# REQUIRED WORK
Return every entry exactly, except for any pictures.

# Collection entries
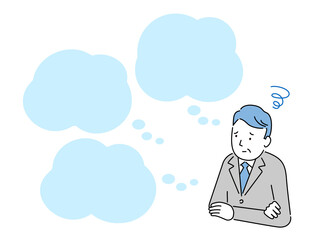 こんなお悩みありませんか？のイラスト（中年ビジネスマン）、吹き出し付き、ベクター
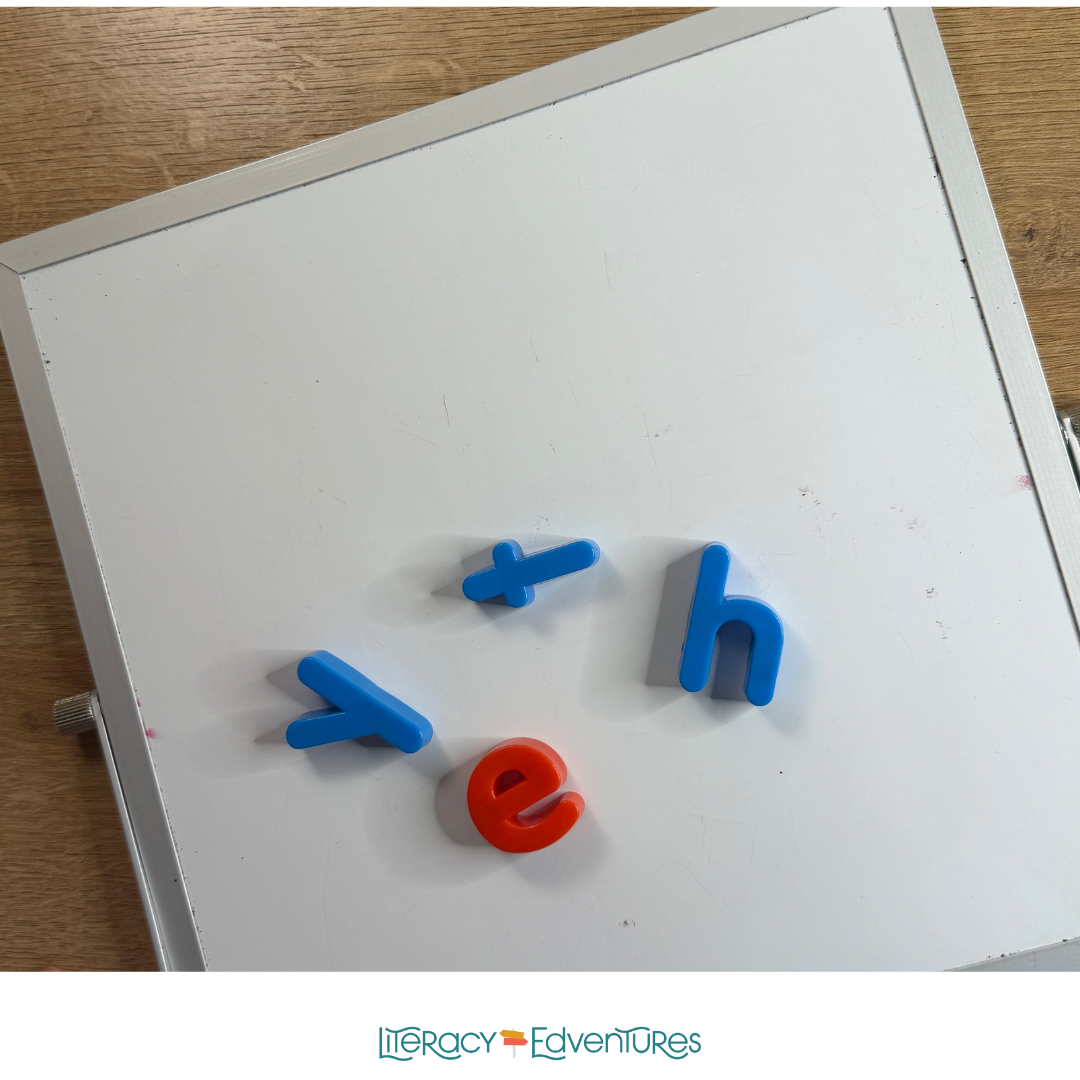 students building high frequency words with magnetic letters in shake rattle drop phonics activity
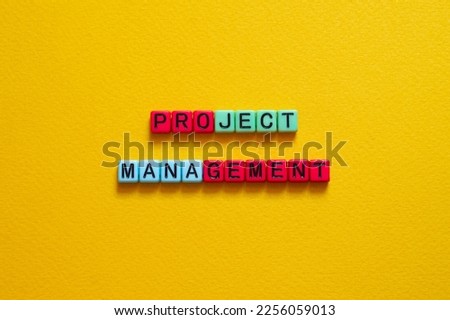 Project management - word concept on cubes, text, letters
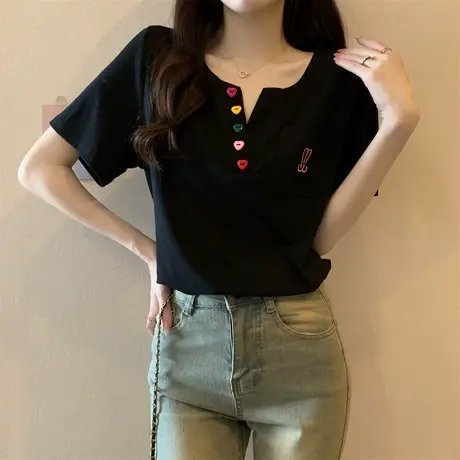 V领正肩短袖t恤女夏季小众设计感大码胖mm遮肉宽松显瘦半袖上衣潮图片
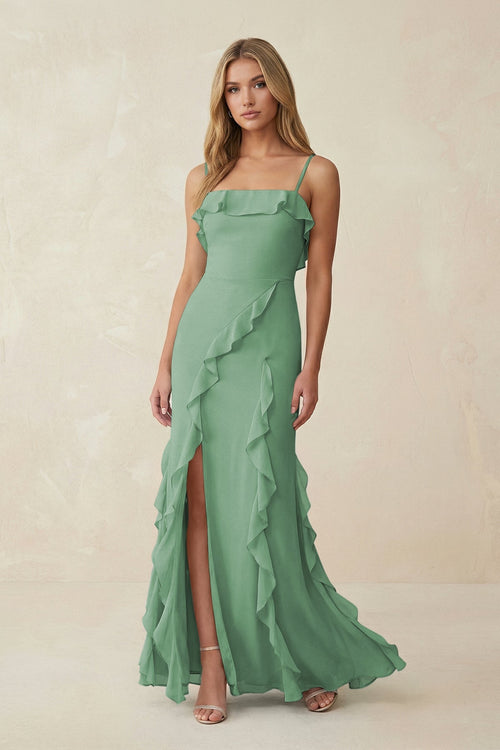 Ruffled Cami Strap Chiffon Sheath Bridesmaid Dress in Sea Glass - SHE IS ME Bridesmaid Dresses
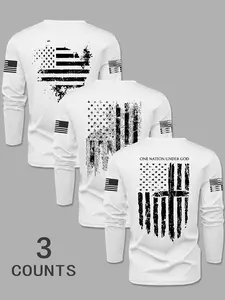 Men's Long Sleeve Round Neck T-Shirts, Flag Print, Comfortable Casual Wear, Streetwear, Fashion Design, Perfect for Daily Use & Outdoor Activities, Fitted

# COMPLETED EXERCISE
 こんなお悩みありませんか？のイラスト（中年ビジネスマン）、吹き出し付き、ベクター
 students building high frequency words with magnetic letters in shake rattle drop phonics activity
 Project management - word concept on cubes, text, letters
 V领正肩短袖t恤女夏季小众设计感大码胖mm遮肉宽松显瘦半袖上衣潮图片
 Ruffled Cami Strap Chiffon Sheath Bridesmaid Dress in Sea Glass - SHE IS ME Bridesmaid Dresses
 Men's Long Sleeve Round Neck T-Shirts, Flag Print, Comfortable Casual Wear, Streetwear, Fashion Design, Perfect for Daily Use & Outdoor Activities, Fitted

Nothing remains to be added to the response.